Crypto start-ups finally show hit from storm as funding falls to 1-year low

SAN FRANCISCO (BLOOMBERG) – Crypto start-ups finally felt the effects of an economic storm that has been cooling digital currencies, public stocks and venture capital all year.

Funding to private crypto companies in the second quarter fell to its lowest level in a year, according to data from the research firm PitchBook.

The hype around crypto start-ups made the sector seem briefly immune to the economic turmoil. It set a record of US$9.85 billion (S$13.87 billion) in venture funds raised in the first quarter. That was, it turns out, only a factor of how long it takes for venture capital deals to finalise.

“Even though the crypto market started slowing down in November, December, those deals were already in discussion, so they closed in the first quarter,” said Robert Le, fintech analyst at PitchBook.

The second quarter gives a truer glimpse at the gloominess. Venture capitalists invested US$6.76 billion into crypto companies in the period that ended in June, a 31 per cent decline from the previous quarter, PitchBook said. The crypto industry now mirrors the sluggish activity among tech and venture capital investors.

“Everyone is really hesitant on closing deals right now,” Mr Le said.
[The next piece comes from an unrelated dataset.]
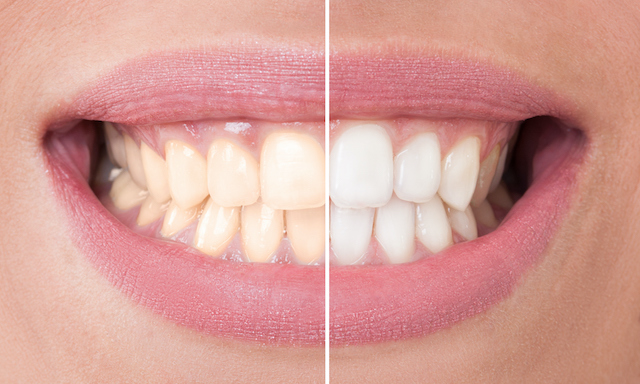 Everything to Know About Tooth Stains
There are many examples of trouble in the crypto industry. The collapse of the TerraUSD stablecoin, serious financial troubles at crypto lenders like Celsius and Babel Finance and waves of layoffs at Coinbase Global, Gemini Trust and Crypto.com have all contributed to the uncertainty.

Among start-ups, deals have fallen apart, and investors have revoked written offers in recent weeks, said David Pakman, a managing partner at the crypto VC firm CoinFund. More layoffs are likely, and valuations will come down further- troubled crypto lender BlockFi was already looking to raise money at a reduced valuation of US$1 billion.

“What you’re seeing now is seed valuations are down about 20 per cent, Series A valuations are down about 50 per cent, and then Series B and beyond are down about 70 per cent,” Mr Pakman said.

Mr Pakman is advising companies he backs to retain enough cash on hand to endure two years’ worth of hardship. “This is going to be a long-term down market,” he said. “It’s not going to come ripping back in a month.”

Despite the potential of a long crypto winter, some venture capitalists are still committed to the space. Crypto VC firm Multicoin Capital announced a new US$430 million fund on Tuesday (July 12). On the same day, Lightspeed Venture Partners said it formed an independent team dedicated to blockchain investments called Lightspeed Faction.